(EXTRACTED MATERIAL)

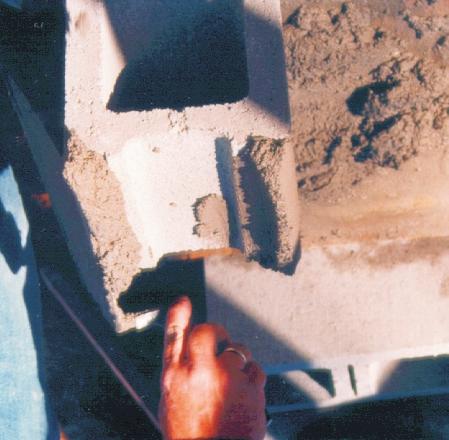 TM: A3 6D LAYING THE FIRST COURSE Plumb with level Stretch line to corner to lay blocks between Marker board Foundation Mortar full width of block when laying first course Details of how to construct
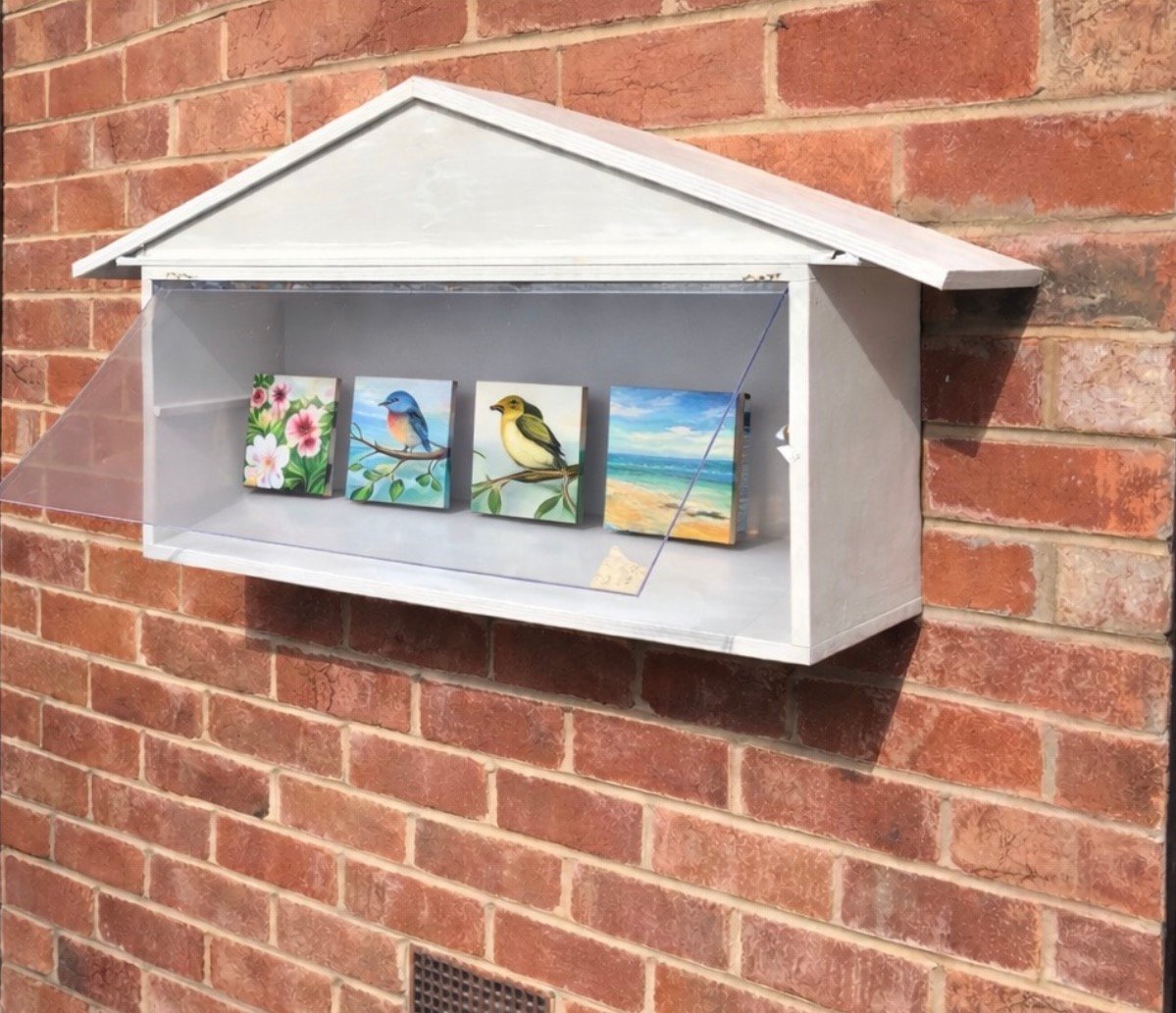 The Little Pocket Gallery illuminated at dusk with internal light glowing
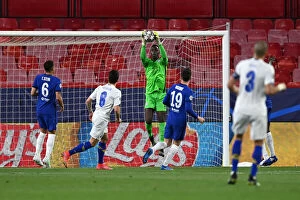 Club Soccer Collection: Chelsea's Edouard Mendy Makes Saving in Empty Estadio Ramon Sanchez Pizjuan during UEFA Champions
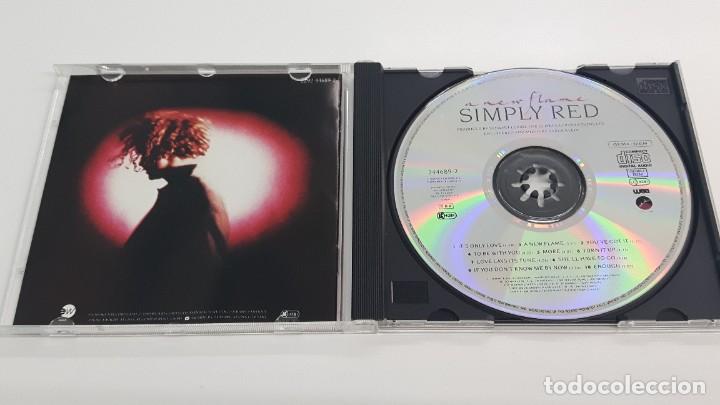 CDs de m&uacute;sica: CD SIMPLY RED - A NEW FLAME - Foto 2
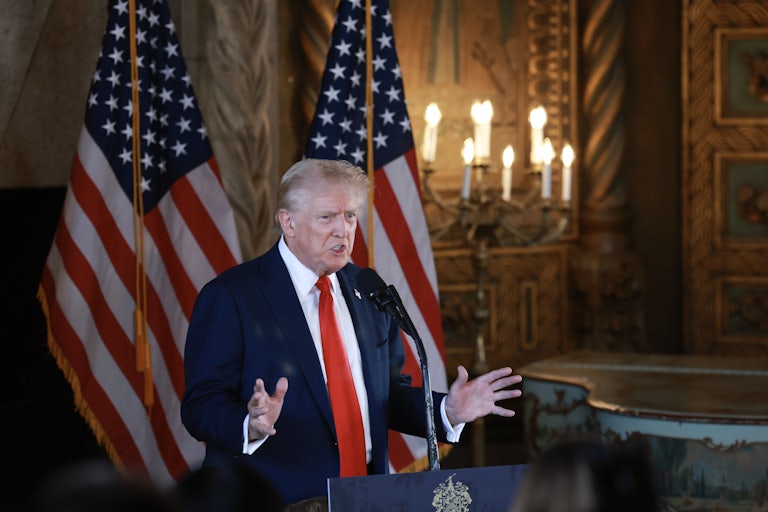Donald Trump speaks at a lectern at Mar-a-Lago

(End EXTRACTED MATERIAL)

TASK BRIEF:
Inclusive range, exact copy: the line containing "Club Soccer Collection: Chelsea's" through the last line of the listing. Print nothing else, and no pictures.

RESULT:
 Club Soccer Collection: Chelsea's Edouard Mendy Makes Saving in Empty Estadio Ramon Sanchez Pizjuan during UEFA Champions
 CDs de m&uacute;sica: CD SIMPLY RED - A NEW FLAME - Foto 2
Donald Trump speaks at a lectern at Mar-a-Lago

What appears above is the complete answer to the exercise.